Finding a vault, searching it, and finding journal entries, or computer logs, or snippets of information and putting together what happened in the war, or just after, or what happened in that vault to one or two people, or the entire population.  Finding a house in the middle of nowhere with some tiny piece of information about the owner, often sad, poignant, a reflection on what the Fallout world had become before the war, or the struggle that followed.  That was what made the game great.  Learning about the world, learning about the history.  Not having it given to you on a plate or purely in voice overs, but honest discovery.  If you just did the main quest, you’d miss it.  You had to go looking, had to go digging, open every box, check every terminal.  Find out of the way locations, en route to nowhere, and delve into their history.

Slowly, the sinister truth about the vaults became clear, and the heartache of a world destroyed came into focus.

I was initially disappointed with Fallout: New Vegas, it felt a little too civilised for me, I wanted more of the blasted world of Fallout 3.  Despite myself, I found it growing on me though, and eventually I bought into the story.  Sadly, constant crashes on the PS3 version meant I stuck to the main quest, did as little as necessary to complete the story and got through it more as a chore than a game.  But I recently re-bought it on the 360 (still in pocket after purchase, re-sale, and cheap re-purchase), and thanks to fewer crashes (3 in 80 hours, plus 2 almost-game-breaking bugs) I’m taking the time to go everywhere, search everything, do every quest, explore every vault.

The stories are still there.  The vault where people were basically driven insane so they could be researched, the vault in which people had to sacrifice one person every year to stay alive, the vault with too many people and an unlocked armoury.  In those locations you learn the back story by piecing it together, yourself, from journals and terminals.  You don’t need to, nothing in the main quests requires it.  You may need to go to the vault, but you can find what you need by just following the arrow – if you’re interested, if you want to find out, it’s there for you to find.

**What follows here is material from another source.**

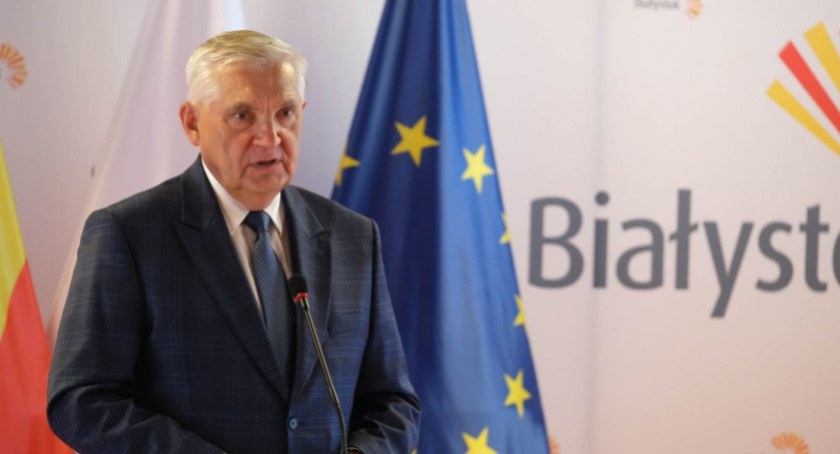 Zdjęcie prezydenta Białegostoku Tadeusza Truskolaskiego podczas 72. sesji rady miasta / Foto: UM w Białymstoku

The writing is superb – I feel like I was there during the last moments of the lives of those vault dwellers, because the game authors take so much time to craft the words.

I picked up Honest Hearts and played through it in a weekend.  It’s a new location, rocky and hard to navigate, there aren’t many different enemies, and the story feels a tiny bit contrived.  But there’s an underlying story of loss, heartache, suffering and then optimism if you want to go looking for it.  Not only that, but there are little teasers of connection to the Mojave wasteland and vaults you’ve already been to.  While I was running around doing the collection quests, I was also searching every inch of caves for some sign of an old hunter who lived in the region and who documented his story on his computer terminals.  That story takes us from the war through his survival, and the slow regeneration of the land, including the first signs of new creatures that Fallout 3 players will know well.

It was fascinating, sad and heart wrenching, and as well written as anything else in the Fallout universe, but if you didn’t go looking for it, you might never find it.

None of this needs to be there.  The developers could just stick the same vault design in the ground, fill it with ghouls and leave it at that.  They don’t have to write these stories, they don’t have to populate the vaults or the buildings or the caves with history and sadness.  Quite a few gamers wouldn’t even notice, certainly not the people who brag about completing Fallout: New Vegas in 7 hours.  I’ve been playing it for 80 hours and I’ve only scratched the surface of the main quest.  I’m pleased they take the time to include this content, I’m grateful the development team get the time from their management and the people funding the game, it’s what makes them worth buying.

You can make me collect as many broken radios as you want, as long as when I get to the building they’re in, I can spend time learning about the world, the people who are or used to be in it, and hearing their stories.